He had saved Gansey. They both had.

And Gansey had failed them.

Uncle, I demand you give him back to me, Gansey whispered, stretched thin and cold.

Please, he whispered.

Please, please give him back to me. I didn’t mean to. I didn’t mean it. I won’t do it again. Please.

He’d been furious with it, blood roaring in his ears, full of the kind of berserker rage that came on like a wave of sickness, grinning and on fire with it, sure of his own invulnerability. A half-step away from a god, and a legend already. They said his mother had dipped him in the River as a child and made him invincible. And his mother was long-dead but maybe it was true— and Niall had led the charge and Gansey was aching to his marrow for glory and Ronan was across the field and Gansey had raised his sword a second too late and he was going to die except—

except there had been Noah, and even dying and bleeding on the ground he’d not blamed Gansey, even when he should have.

And Gansey said Uncle, please, give him back to me—

and Noah said it’s okay, it’s okay, and there were arms around his body where before he had no body because he’d slipped out of it, and fallen, and—

Gansey opened his eyes, and was alive.


Faith was a complicated thing.

Ronan had faith because he had seen the gods, and had known his father, and had listened to the things his mother said, things no mortal could know without divine inspiration. Ronan had faith because his best friend was more god than he was man.

Ronan’s faith was a complicated thing.

He saw the gods and knew they were real, but he also knew that the majority of them did not care about mortal lives. They were all just specks of insignificance, until they made some kind of mark. Until they became legends, heroes, things that the gods could not ignore.

And yet, there was a long way between acknowledgement and watching your dead best friend come back to life right alongside your other dead best friend.
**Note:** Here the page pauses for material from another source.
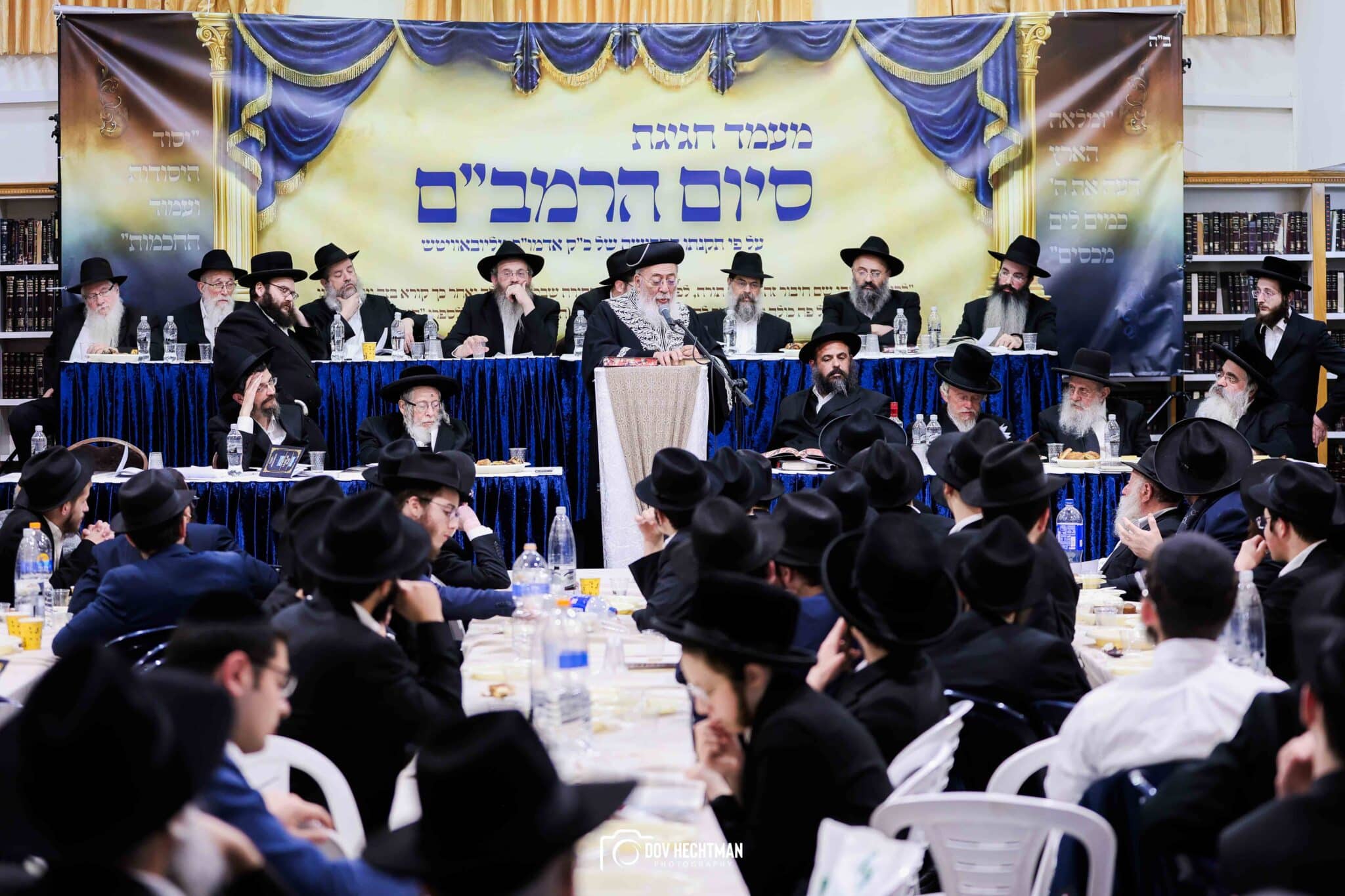 גדולי וצדיקי הדור חיזקו ועודדו את לומדי הרמב"ם בישיבת חב"ד גדולי וצדיקי הדור חיזקו ועודדו את לומדי הרמב"ם בישיבת חב"ד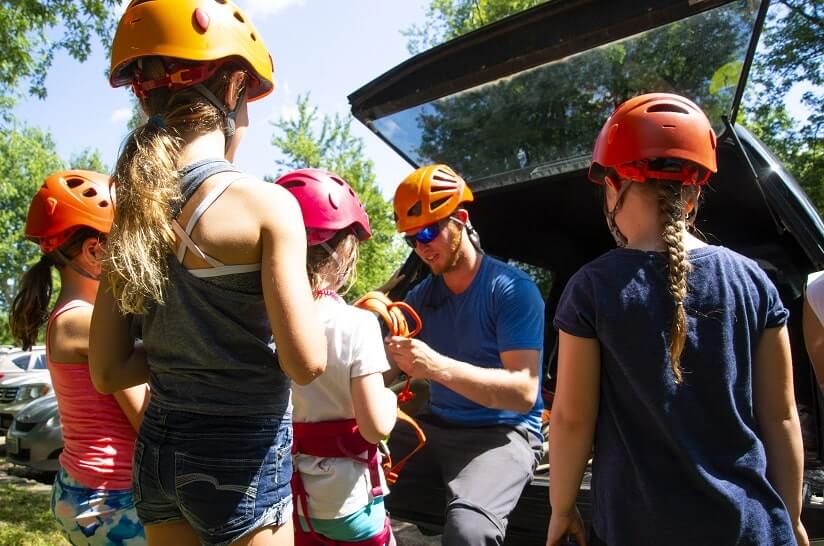 united states camp counselor j1 summer tax back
Later, Ronan could not explain the moment of resurrection. He could not explain how one moment there was Gansey’s corpse, skin going cold beneath his hand, and the next there was Gansey, cheeks flooding with color and lungs expanding. He could not explain how one moment there was a pile of ashes that had once been Noah laid out in a neat mound, and the next there was Noah, tall and golden-haired and lanky and just exactly the way he was when he died, except instead of a caved-in cheek there was naught but a pale lavender mark, like a bruise, staining his skin like a reminder.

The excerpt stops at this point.